Let’s get it straight: Birchbox is not a sampling company.
That may come as a surprise. The New York-based beauty firm is perhaps best known for its beautiful boxes of makeup samples that get delivered to customers every month. But Katia Beauchamp, co-founder of Birchbox, is adamant that it’s about much more than that.
In recent months, the company, which is hoping to grab a larger bit of the $16 billion beauty market in the U.S., has put more of a focus on converting customers into buying full-size beauty products and becoming a beauty retailer, not a subscription box company. But don’t call this a pivot. Beauchamp joined the Glossy Podcast to argue that this was always in the plan: “We never set out to sell women boxes of samples. Or to be a subscription company.”
Edited highlights below.
Birchbox was an easy sell in some ways …
Beauchamp said that when she co-founded the company, there was already a “gaping hole” in the beauty space when it came to buying beauty products online. That made the sell easy. Plus, marketing dollars at big brands were already being spent on samples. The difference was that samples were being used as gifts for loyal customers instead of as assets for customer acquisition. “That was our pitch.”
… But a hard sell in others
Beauty and fashion startups can be hard for investors to understand. The difficulty of convincing venture capitalists who tend to be male about industry opportunities in spaces they’re not familiar with is very real, said Beauchamp: “We couldn’t use a narrative or a story. We had to be less about making a woman feel. We had to talk numbers.” Beauchamp said that she had to wake up to the reality of how hard it is to be a female entrepreneur. “It’s hard for [investors] to relate to this category because it feels so personal and emotional,” she said. “A lot of people would say, ‘My wife isn’t into that.’”
Pivoting without a pivot
Beauchamp said the idea for the company was always to get people to use the subscription boxes to first sample products and then to buy full-size makeup from Birchbox. But unfortunately, the box became a “symbol” for the company. Breaking out of the “subscription box company” mold was hard, she said. “[The box] is a part of who we are as a company. But we’re more.” She said consumer press and media didn’t help, either — so the company turned to its customers to spread the word, asking loyalists to refer people to full-size products. The company’s store helped, too. Beauchamp said it was a chance for customers to experience the company in a new way. (And also to see how many full-size makeup tubes it could sell.)

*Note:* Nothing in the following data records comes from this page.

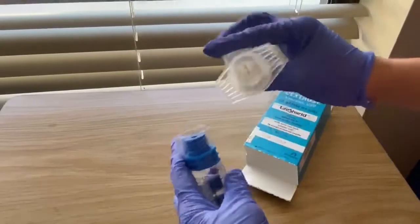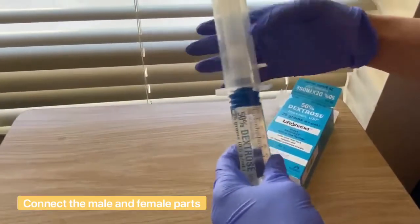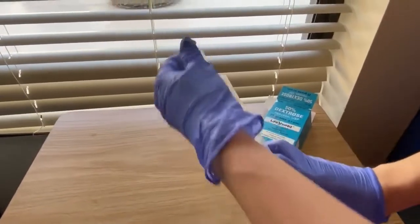You just simply pop off those two yellow caps like that. And then you're going to connect the male and the female parts like so, twisting it righty-tighty like usual. And then the very top there has a large syringe needle.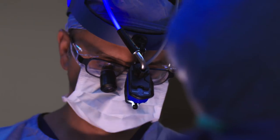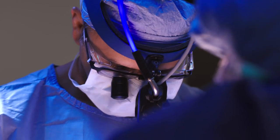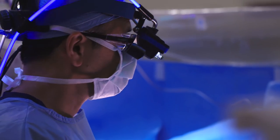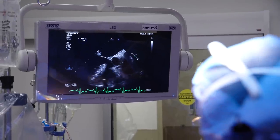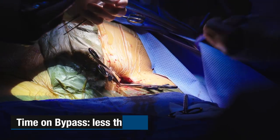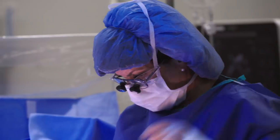There's no rib fracture or anything — we just go completely in between. Less than an hour for the operation, an hour and a half for the whole heart-lung machine, and then it'll take us half an hour to close, so within two hours we'll be done.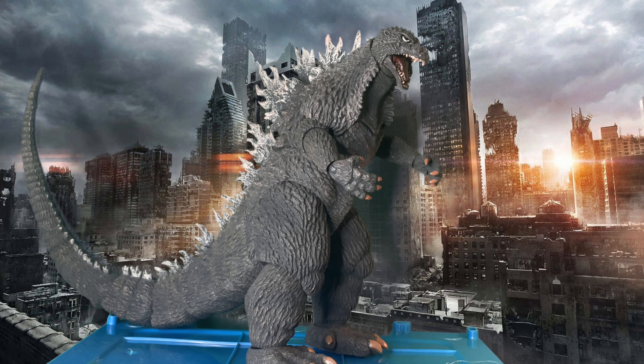We are going to be reviewing the Mechagodzilla 2002-2003 from Godzilla Against Mechagodzilla and Godzilla Tokyo S.O.S. It is finally time to review this figure.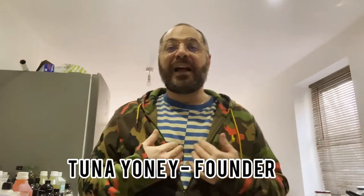Hello everyone, welcome to Zyber Organics YouTube channel. I am the founder of Zyber Organics, Tuna Yoni. This week we are going to do something a little bit fun and creative — we're going to do a lip balm with no butters. I want to try a lip balm without the butter and see how it's going to work out. So let's start.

There is no subscription box bubble
Despite issues of scale and a proliferation of subscription box companies, Beauchamp said that the sub-box industry is fine. “I can’t even imagine a question about whether subscription is a sustainable business model,” she said. “We didn’t invent subscription. It’s been around for 100 years.” And the idea of it being a bubble misses the point: The question is whether subscription is used as a marketing vehicle to generate sales or if there is another goal — and that’s what businesses need to figure out. “Don’t think about whether sub boxes as an entity are relevant,” said Beauchamp.